ほなみは恭輔の言葉に、「ん」と言って黙ってうなずくと立ち上がった。
恭輔がテープをセットしようとすると、
「昨日の今日だろ?そんなによくなったのか?」
と誠司が聞いてきた。恭輔は笑いながら
「まぁ、聞いてりゃわかるだろ?」
と言ってテープをセットし、再生ボタンを押した。
少しして、ラジカセから曲が流れ出し、ほなみは右足でリズムを感じ取りながら左手を胸に当てて歌い始めた。
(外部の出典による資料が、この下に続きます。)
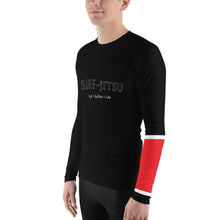 Load image into Gallery viewer, Men&#39;s Ranked BJJ or Surfing SurfJitsu Rash Guard - Black Belt on Black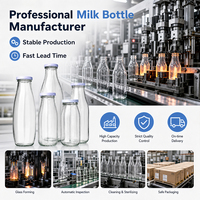 Bouteille en verre personnalisée et abordable pour lait, jus, thé et autres boissons, disponible en 10oz, 12oz, 16oz et 1000ml
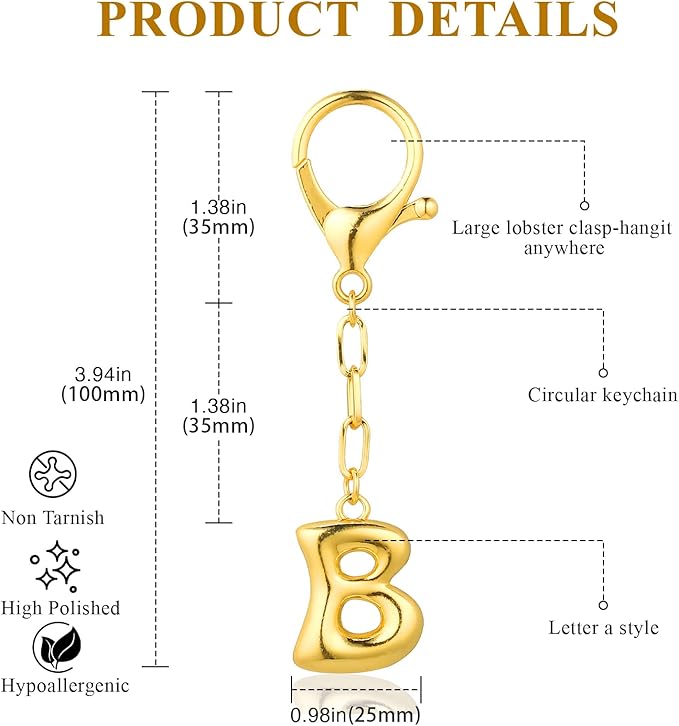 VICKHU Gold Plated Bubble Initial Letter Cute Keychain for Women Car Key Purse Decorative Keyring Handbag Charms Fashion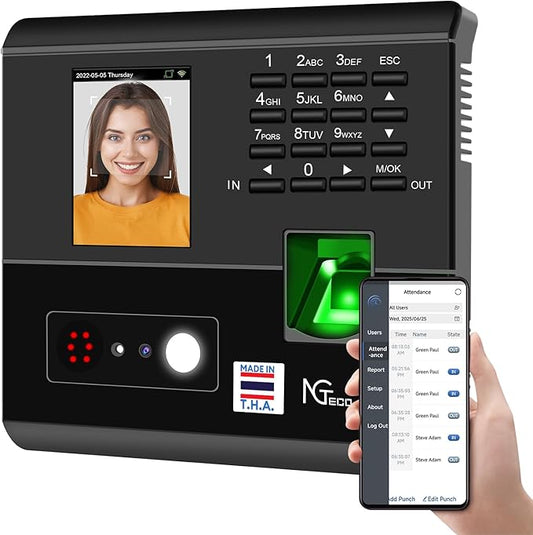 NGTeco APP-Based Time Clocks for Employees Small Business, 4-in-1 Time Clock with Face, Fingerprint, RFID, PIN, WiFi Clock in Machine for Employees with APP for iOS Android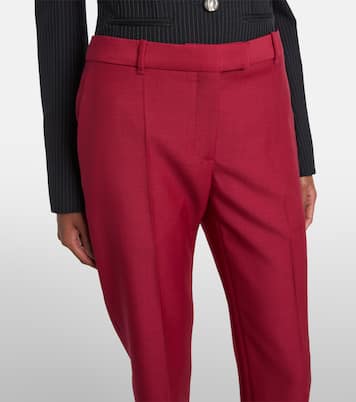 Cropped wool and mohair slim pants | McQueen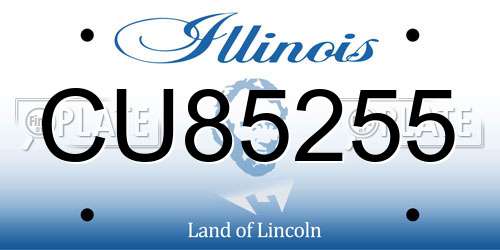 CU85255 Illinois License Plate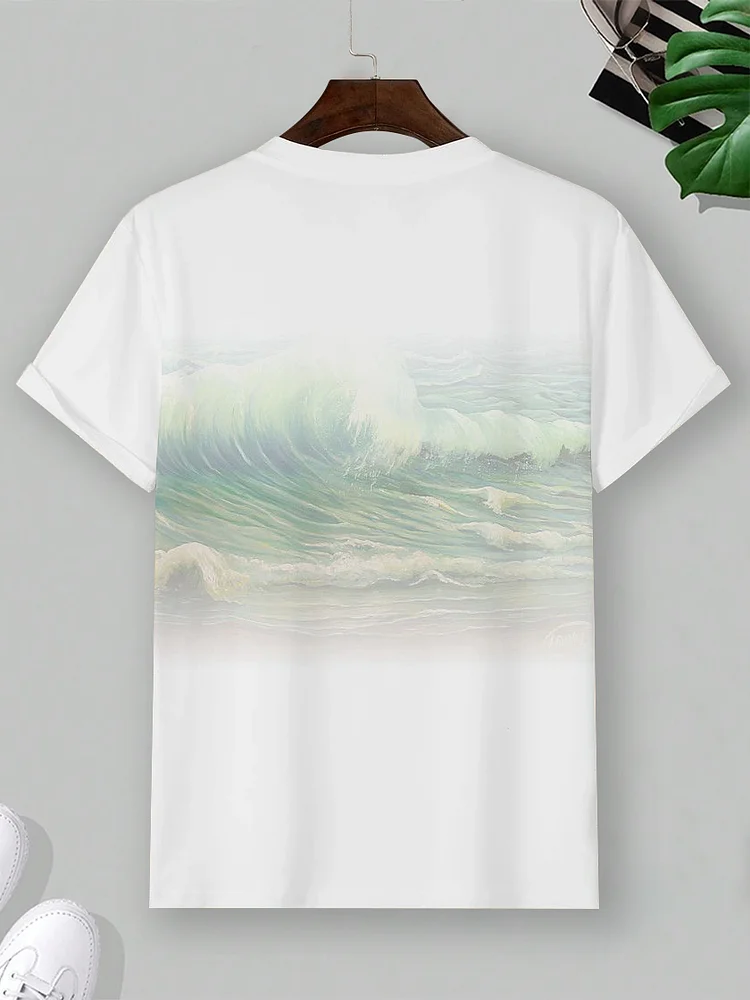 Men's Vacation Sea Wave Print Casual T-Shirt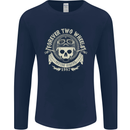 Forever Two Wheels Motorbike Biker Mens Long Sleeve T-Shirt Navy Blue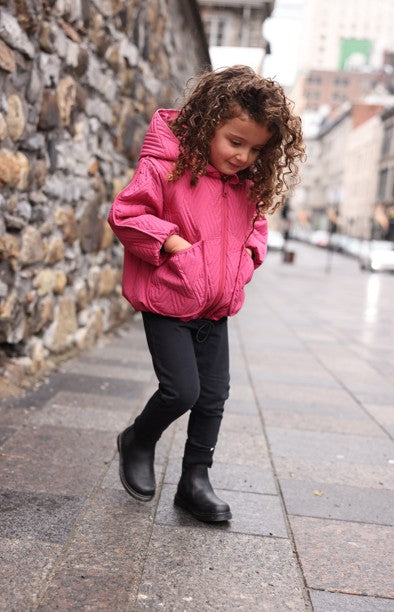 Pocket Quilted Gathered Jacket - FUCHSIA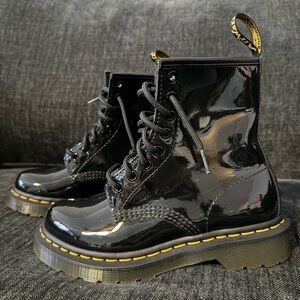 Black Patent Leather Lace-Up Boots - Girls size 5, Brand New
ほなみの歌を聞いて誠司たちは驚いたように恭輔のほうを見た
恭輔は笑うと再びほなみの歌に聞き入り、誠司たちもそれに同じた。 それからまたしばらくして曲が終わると、ほなみが大きく息を一つして
「ど、どうかなぁ・・・?」
とおずおずと恭輔たちに聞いてきた。
恭輔が誠司たちのほうに目で振ると誠司が「やれやれ」と笑いながら言って、立ち上がった。
ほなみが目を丸くして戸惑っていると、恭輔たちはがさがさとセッティングを始めた。
「ほら。ほなみちゃんもやるよ。あんまり時間ないんだし」
と誠司が笑いながら言うと、「え?それじゃ・・」とほなみは戸惑いながらも聞いてきた。
「ああ。OKだよ。残り期間も少ないしな。一気にやるから」
と恭輔が笑いながらほなみの頭をぽんぽんとたたいた。
ほなみは恭輔のほうを見ると、「うんっ!!」とすごく幸せそうに笑いながら言った。

「やれやれ・・これでこの曲は区切りがついたな〜」
放課後の練習が終わって誠司が伸びをしながら言った。
「あと4日か・・。明日はわかってるとおもうけど体育館練習だからな?」
と恭輔が言うとみんながうなずいた。
「でも・・恭輔、ひとつ聞いていい?あと・・・5曲ぐらいあるんだよね?大丈夫なの?」
ほなみが恭輔のほうを向いてうつむきながら聞いてきた。
「んー?それはほなみ次第だよ。まぁ、俺は練習以外でも付き合えるから。あんまり不安にならない方がいいよ」
と恭輔が言うと、「あ、うん。そだよね」とほなみがうんうんとうなずきながら言った。
「さて・・と。じゃあ今日は終わりにしようか」
誠司たちはそう言うと後片付けを始めた。